Роллан вступил в пору писательской зрелости. Начались годы настойчивой, сосредоточенной, плодотворной работы.
ГЛАВА II
Подъем
Из окна открывался вид на соседние монастырские сады. Весной и летом оттуда доносился запах свежей зелени. Уличного шума не было слышно. Правда, через тонкие стены проникали разнообразные звуки из смежных квартир, обрывки разговоров и бренчанье на рояле; а сама квартирка на бульваре Монпарнас, в доме № 162, куда переселился Ромен Роллан после развода, была до того крошечная, что он, стоя посреди комнаты, легко доставал руками стены и потолок. Но все же с грехом пополам удалось разместить кровать, письменный стол, пианино и книжные полки. Рядом был ресторанчик, куда можно было ходить обедать. Внизу сидела консьержка, с которой можно было договориться, чтобы она не пускала случайных посетителей к одинокому жильцу четвертого этажа. Бывали дни, когда ему никого не хотелось видеть, хотелось работать и только работать, запоем, без перерывов и помех.

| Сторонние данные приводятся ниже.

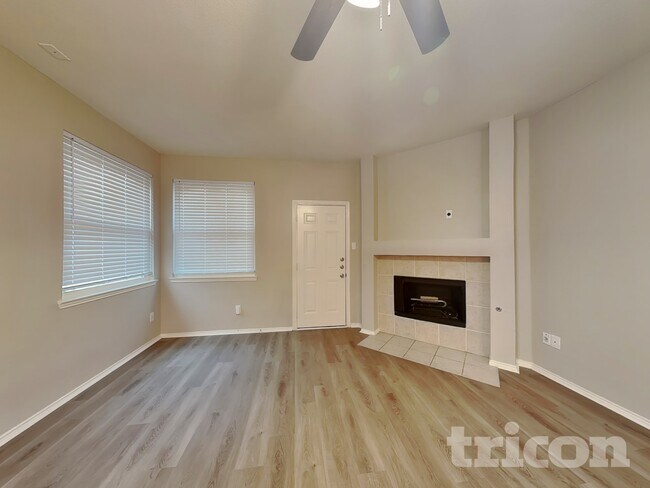 Photo - 7912 Hidden Path Ln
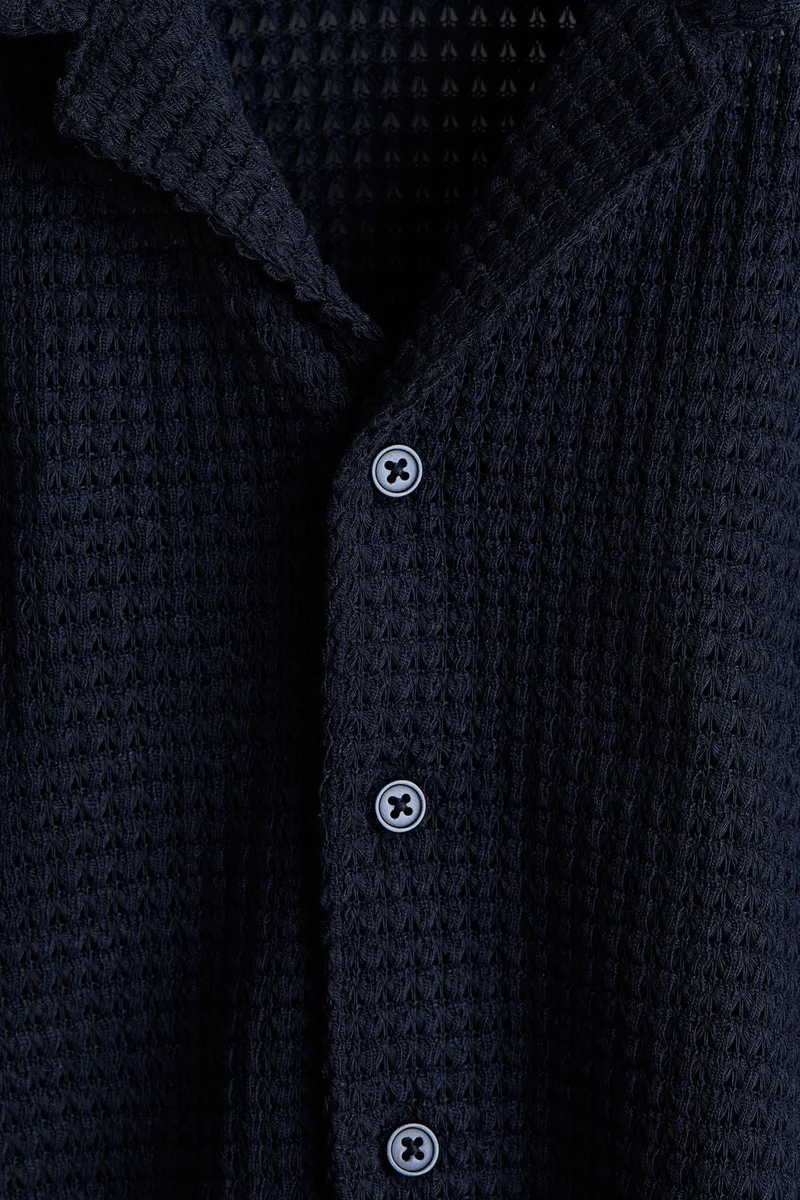 اتش اند ام قميص ريزورت محبوك بنسيج بارز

В последние годы семейной жизни Роллан иногда с чувством облегчения выходил из дому, где толпились чужие, ненужные ему гости, на пустынную, молчаливую улицу Нотр-Дам де Шан. Бульвар Монпарнас, параллельный этой улице, широк и многолюден. Теперь Роллан, выходя из дому, сразу вливался в поток пешеходов. И это бывало совсем неплохо после многих часов, проведенных в безлюдье и безмолвии.
Он шел в Латинский квартал привычной недолгой дорогой, и со всех сторон его окружали человеческие лица: мастеровые и служащие, спешащие на работу или домой, хозяйки с кошелками, студенты со связками книг под мышкой. Он мог чувствовать себя частью этой трудовой толпы. Именно таких людей будет скоро встречать на улицах Парижа его герой, гениальный и неимущий музыкант, непризнанный «ярмаркой на площади». «Ему хотелось, — так напишет Роллан о Жан-Кристофе, — поглубже окунуться в освежающие волны сочувствия людей. Он ни с кем не заговаривал. И даже не пытался заговорить. Ему достаточно было смотреть на проходящих людей, разгадывать их мысли, любить их. С теплым участием присматривался он к этим торопливо шагавшим труженикам, на лицах которых уже в час утренней свежести лежала печать утомления…»
Роман о Жан-Кристофе складывался все отчетливее, — накоплялись заметки, наброски, целые главы. Однако были другие, срочные дела, которые надо было выполнить или довести до конца: давно начатая серия статей о народном театре, обзор парижских художественных выставок для журнала «Ревю де Пари», биографический очерк о Франсуа Милле, заказанный английским издательством. И были лекции, к которым Роллан по-прежнему готовился чрезвычайно серьезно, проводя долгие часы в библиотеках.